G20 to agree on steps for macro targets: Russia
The Group of 20 nations may agree on steps to introduce macroeconomic policy targets at a summit in Seoul on Friday, Russia's Finance Minister Alexei Kudrin said.
"There will be a road map and within this road map work will be done to prepare such proposals and define the timeframe," Kudrin told reporters.
"Ministers and the International Monetary Fund will analyze these quantitative targets, their role and how they can be introduced," he said, adding that the results of this work will be reviewed at the next G20 summit.
Kudrin said there was a "big chance" the roadmap will backed by the G20 in Seoul and that the proposals will help global exchange rates to become more flexible in the future.
Kudrin said U.S. Treasury Secretary Timothy Geithner's proposal to target current account surpluses and deficits was "interesting" but that other targets would also be needed.
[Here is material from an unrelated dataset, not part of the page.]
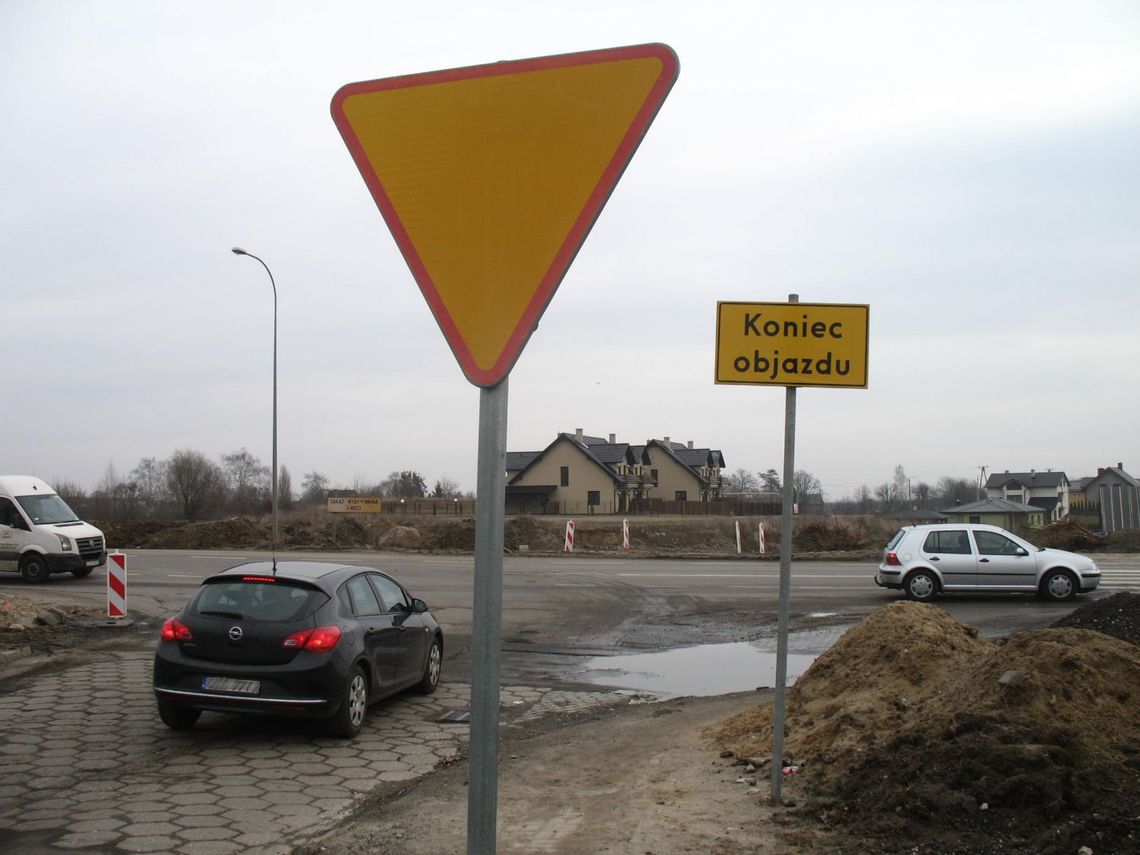 Pracują za krótko? Wykonawca „jedynki” w ogniu pytań Pracują za krótko? Wykonawca „jedynki” w ogniu pytań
"Other quantitative targets include fiscal deficit, debt level, parameters close to Maastricht criteria," Kudrin said, referring to the limits set by the European Union for countries to qualify to adopt the euro.
Kudrin's remarks did not fall in line with other G20 members, including Germany and China, who have criticized the U.S. for pursuing quantitative easing -- effectively printing money, a policy that has weighed on the dollar and encouraged investors to divert funds into emerging markets in search of higher yields.
Instead, Kudrin praised the U.S. Federal Reserve's crisis measures, saying earlier in an interview with the television channel Russia Today that "at the first stage of the crisis the Federal Reserve accepted a significant burden and its role then was decisive."
He called on the Federal Reserve, however, to show more caution this time around.
Kudrin said that while there was no open confrontation at the G20 talks, global exchange rates remain the main bone of contention.
He also said Russia will not introduce restrictions on capital movements to protect its economy from volatile inflows as there are no current threats of this happening.